Le président de la formation de jugement a dispensé le rapporteur public, sur sa proposition, de prononcer des conclusions à l'audience.
Les parties ont été régulièrement averties du jour de l'audience.
Le rapport de Mme Méry a été entendu au cours de l'audience publique.
Considérant ce qui suit :
1. Le PREFET DES YVELINES relève appel du jugement par lequel le Tribunal administratif de Versailles a annulé l'arrêté du 10 janvier 2019, prononçant le transfert aux autorités italiennes, pour l'examen de sa demande d'asile, de M.B..., ressortissant bangladais, né le 15 avril 1980, ainsi que l'arrêté du même jour prononçant l'assignation à résidence de celui-ci.
Sur le moyen d'annulation retenu par le Tribunal administratif :
2. Aux termes de l'article 17 du règlement (UE) n° 604/2013 : " 1. Par dérogation à l'article 3, paragraphe 1, chaque Etat membre peut décider d'examiner une demande de protection internationale qui lui est présentée par un ressortissant de pays tiers ou un apatride, même si cet examen ne lui incombe pas en vertu des critères fixés dans le présent règlement. Dans ce cas, cet État devient l'État membre responsable au sens du présent règlement et assume les obligations qui sont liées à cette responsabilité. ".
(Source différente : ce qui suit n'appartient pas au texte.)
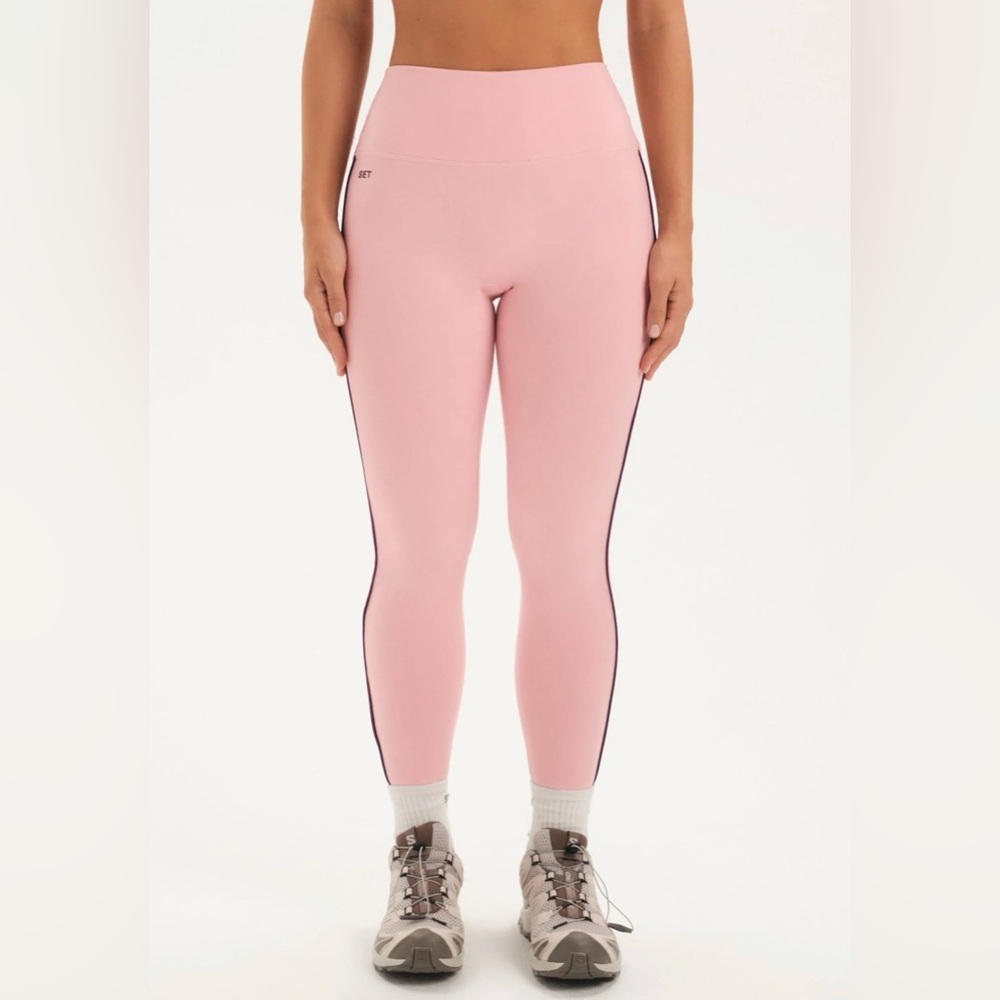 Set Active formcloud- Cloud Pipe High-Rise Leggin… - image 2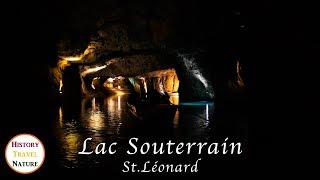 Lac Souterrain StLéonard  Unterirdischer See Sankt Leonard  Wallis  Schweiz  Reisen  Ausflug [upl. by Lejeune]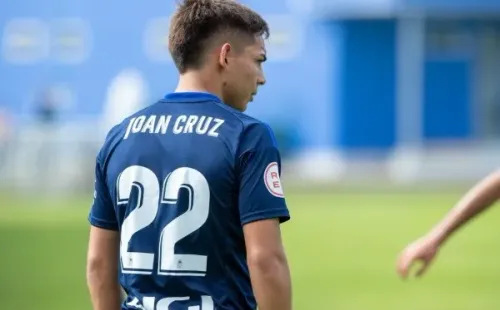 Joan Cruz ya es jugador del equipo filial del Real Oviedo de España. | Foto: Real Oviedo.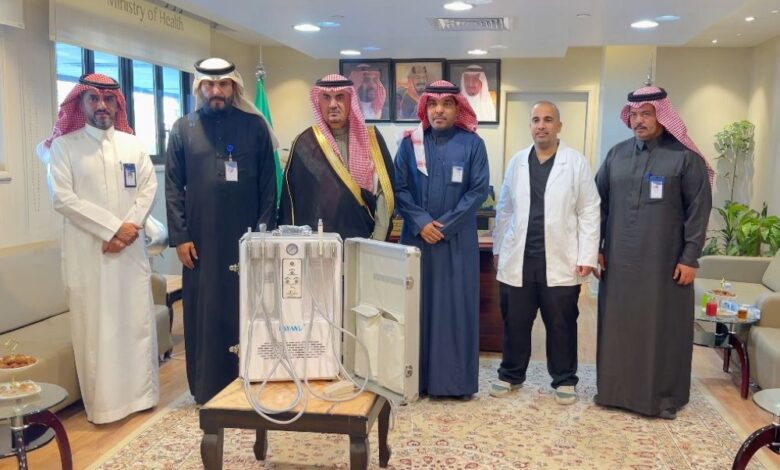 مبادرة حقهم علينا: علاج الأسنان منزلياً بمستشفى المذنب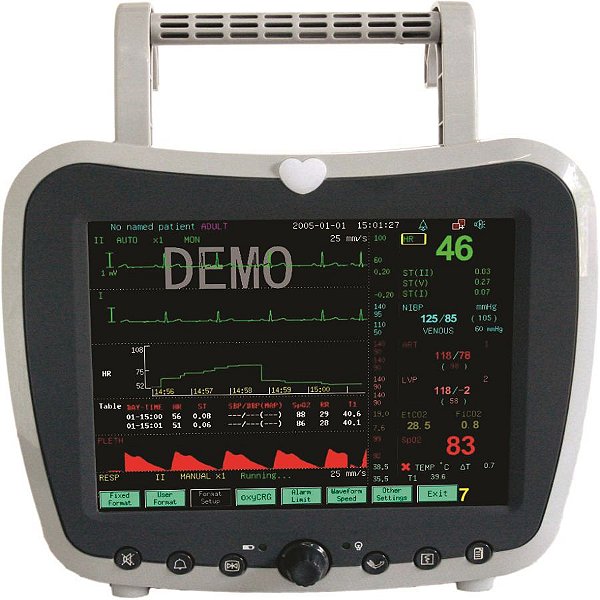 Monitor Multiparâmetro G3H Meditech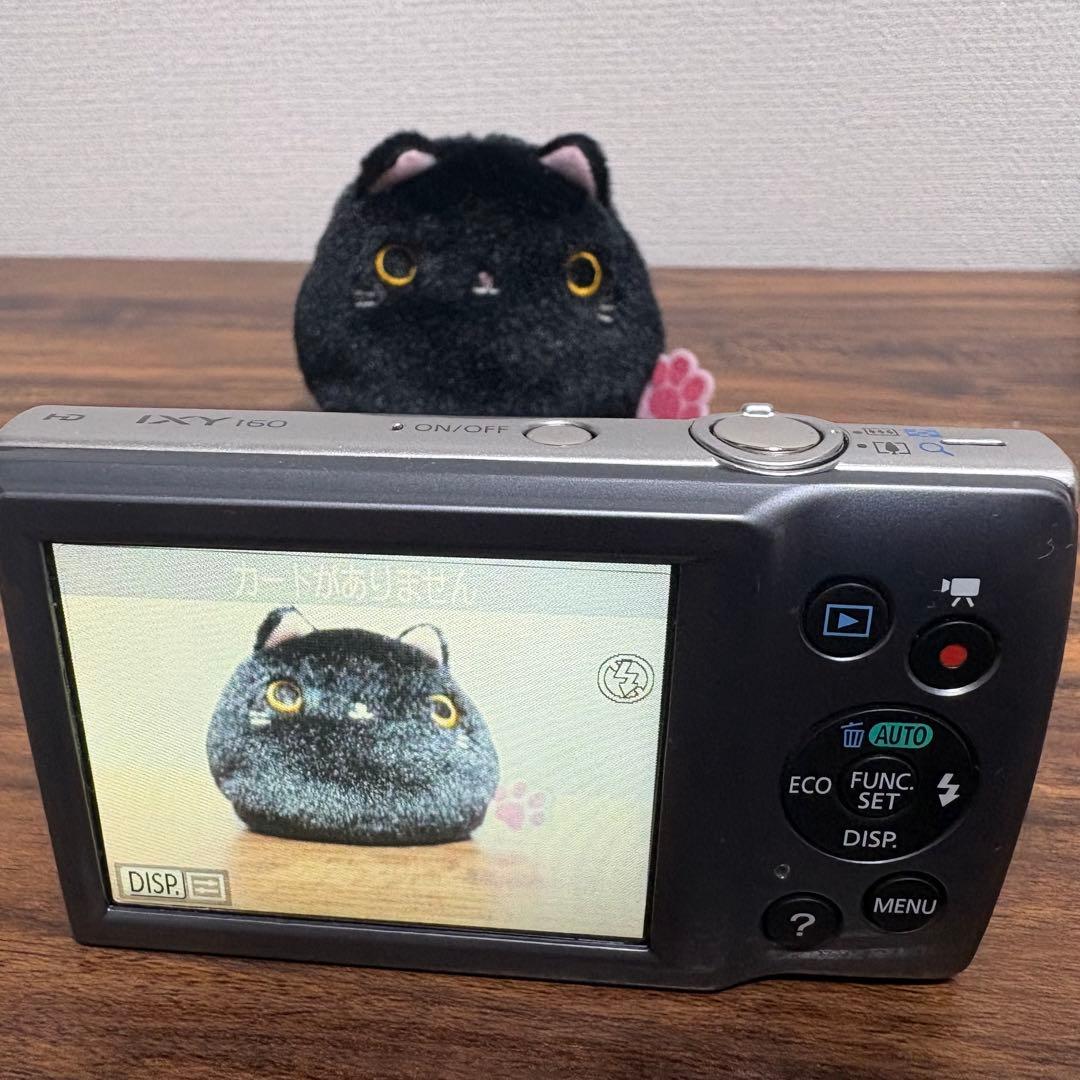 【美品✨】Canon IXY 160 コンデジ CCDセンサー 動作品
3. L'Italie est un État membre de l'Union européenne, partie à la convention de Genève du 28 juillet 1951 sur le statut des réfugiés, complété par le protocole de New York, et à la convention européenne de sauvegarde des droits de l'homme et des libertés fondamentales. Il doit alors être présumé que le traitement réservé aux demandeurs d'asile dans cet État membre est conforme aux exigences de la convention de Genève ainsi qu'à la convention européenne de sauvegarde des droits de l'homme et des libertés fondamentales. Pour le contester, M. B...se borne à déclarer que sa demande d'asile n'a pas été correctement examinée en Italie, où elle a été rejetée, sans étayer ses déclarations par aucun élément. En conséquence, le requérant ne démontre pas qu'il existerait une défaillance systémique du traitement des demandes d'asile en Italie, et que le préfet aurait commis une erreur manifeste d'appréciation en ne faisant pas usage de la faculté que lui accorde l'article 17 du règlement (UE) n° 604/2013 cité au point précédent d'examiner une demande d'asile dont l'examen incombe à un autre État en vertu des règles fixées par ce règlement.
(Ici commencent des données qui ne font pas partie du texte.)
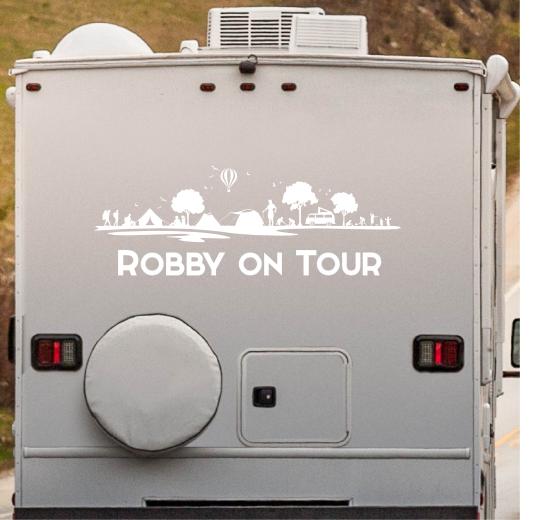 Wohnmobil Aufkleber selber gestalten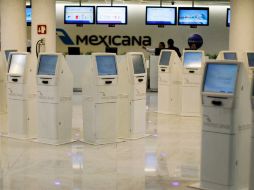 Mexicana dejó de volar en agosto de 2010. REUTERS  /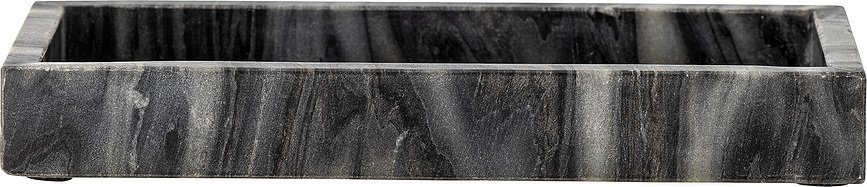 Feliza Plateau, motif marbre gris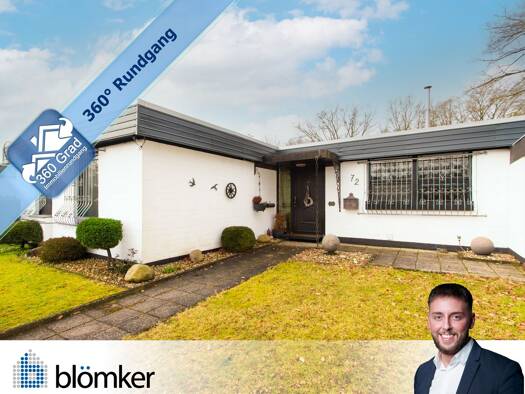 Bungalow zum Kauf 279.000 € 4,5 Zimmer 119,7 m² 565 m² Grundstück Wulfen Dorsten 46286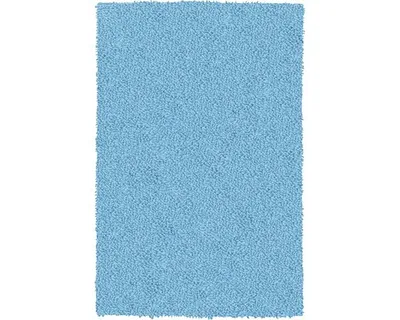 Produktbild von Badteppich Kleine Wolke Zagreb 50 x 60 cm himmelblau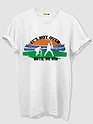 Not Over Half Sleeve T-shirt for Men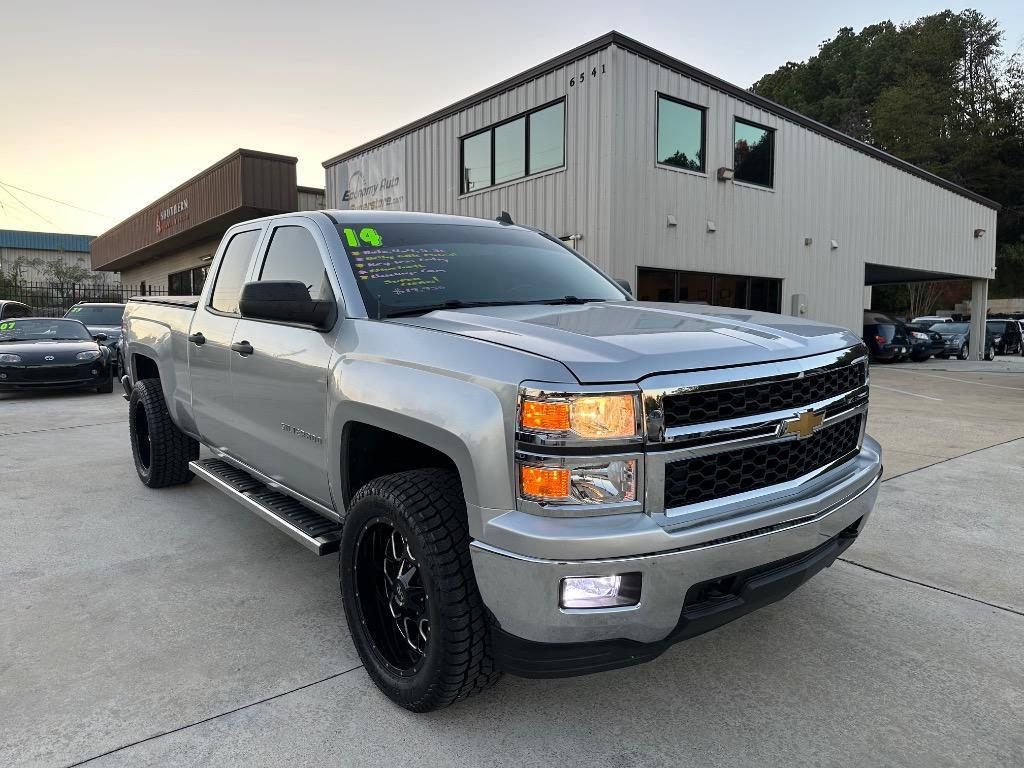 used 2014 Chevrolet Silverado 1500 car, priced at $18,950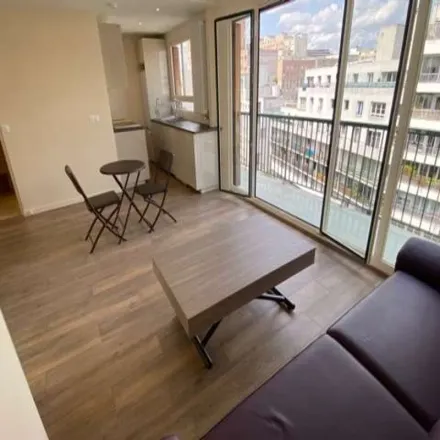 Rent this 1 bed apartment on 18 Villa Amélie in 75020 Paris, France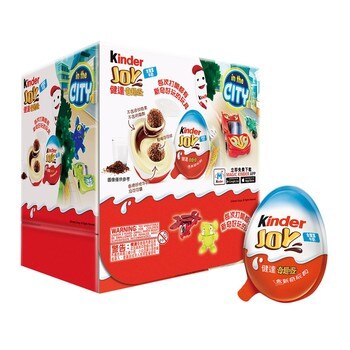 Kinder 健達奇趣蛋 20公克 X 12入 Kinder 健達奇趣蛋 20公克 X 12入
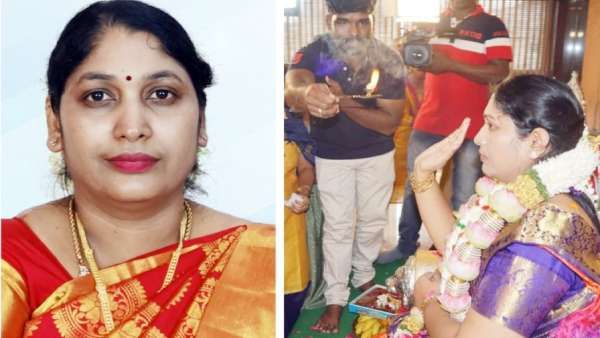 திடீர் சாமியார் அன்னபூரணி நிலைமையை பார்த்தீங்களா.. போலீஸ் கமிஷனர் அலுவலகத்தில் பரபரப்பு புகார்!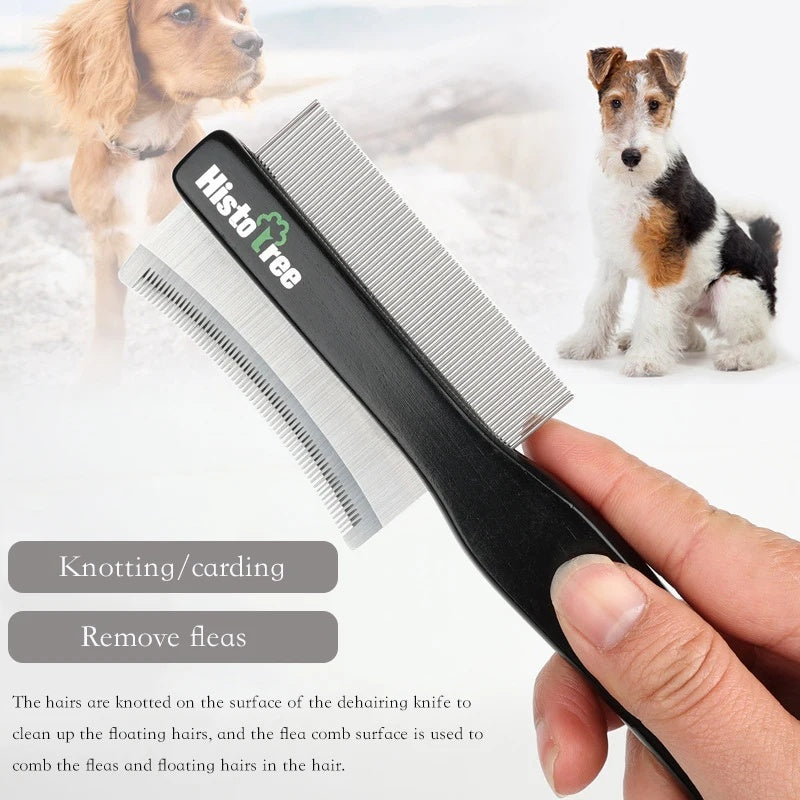 Double-Sided Pet Hair Comb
4. Il résulte de ce qui précède que le PREFET DES YVELINES est fondé à soutenir que c'est à tort que le Tribunal administratif de Versailles a annulé son arrêté du 10 janvier 2019 prononçant le transfert aux autorités italiennes de M.B....
5. Il appartient toutefois à la Cour, saisie de l'ensemble du litige, par l'effet dévolutif de l'appel, d'examiner les autres moyens soutenus par M. B...devant Tribunal administratif de Versailles.
Sur les moyens de la demande de M.B..., dans le cadre de l'effet dévolutif de l'appel :
6. En premier lieu, en vertu du paragraphe 1 de l'article 3 du règlement (UE)
n° 604/2013 du Parlement européen et du Conseil du 26 juin 2013 établissant les critères et mécanismes de détermination de l'Etat membre responsable de l'examen d'une demande de protection internationale introduite dans l'un des Etats membres par un ressortissant de pays tiers ou un apatride, lorsqu'une telle demande est présentée, un seul Etat, parmi ceux auxquels s'applique ce règlement, est responsable de son examen. Cet Etat, dit Etat membre responsable, est déterminé en faisant application des critères énoncés aux articles 7 à 15 du chapitre III du règlement ou, lorsqu'aucun Etat membre ne peut être désigné sur la base de ces critères, du premier alinéa du paragraphe 2 de son article 3 du chapitre II. Si l'Etat membre responsable est différent de l'Etat membre dans lequel se trouve le demandeur, ce dernier peut être transféré vers cet Etat, qui a vocation à le prendre en charge. Lorsqu'une personne a antérieurement présenté une demande d'asile sur le territoire d'un autre Etat membre, elle peut être transférée vers cet Etat, à qui il incombe de la reprendre en charge, sur le fondement des b), c) et d) du paragraphe 1 de l'article 18 du chapitre V et du paragraphe 5 de l'article 20 du chapitre VI de ce même règlement.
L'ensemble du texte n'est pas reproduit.